One day, Kishwar manipulates her brother Rasheed about his wife Husna to which he starts hating her and becomes close to a tawaif Samia. After marriage, Salma owns all the dowry items on Safia's name which Sabira doesn't like. She just starts beating her but then Salma comes in front of her, who was in Safia's dress. She insults Sabira and denies to send her daughter in her house. Safia, however, comes back to her husband silently and sends her sister-in-law Kishwar to her in-laws, who caused chaos in the house. She then controls the whole house, by grabbing the keys of the house from Sabira. Rasheed becomes poorer as he starts losing his wealth on Smaia. Safia warns Saeed to keep an eye on Rasheed, who one day catches him in Samia's house in drunken state and brings him back. Kishwar returns and creates a doubt in Safia's mind by misrepresenting things about Husna and Saeed.

Safia doubts Saeed while observing him who confronts his sister-in-law Husna, and starts making a noise there.
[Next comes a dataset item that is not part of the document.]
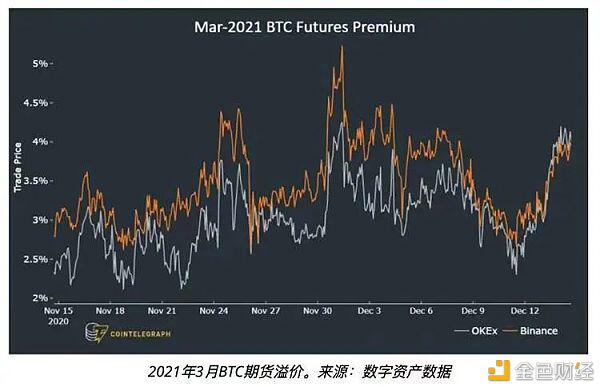 四个关键比特币价格指标显示 投资者正在逢低买入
Rasheed who is in drunken state also comes there and throws Husna out of the house. Safia also goes to her father's house. Saeed goes to convince her but she doesn't believe her. Salma helps them in their problems, and tells them a plan according to which, Saeed with his manager brings Rasheed to right path. Safia becomes a servant at Salma's house so that she can save Rasheed from her. Rasheed sells the business and mortgages the house. At Salma's house, Saeed comes where both the brothers argue. Rasheed brings his father for his support who slaps Saeed. He decides to handle the business himself but learns of Rasheed's evil antics in the meantime.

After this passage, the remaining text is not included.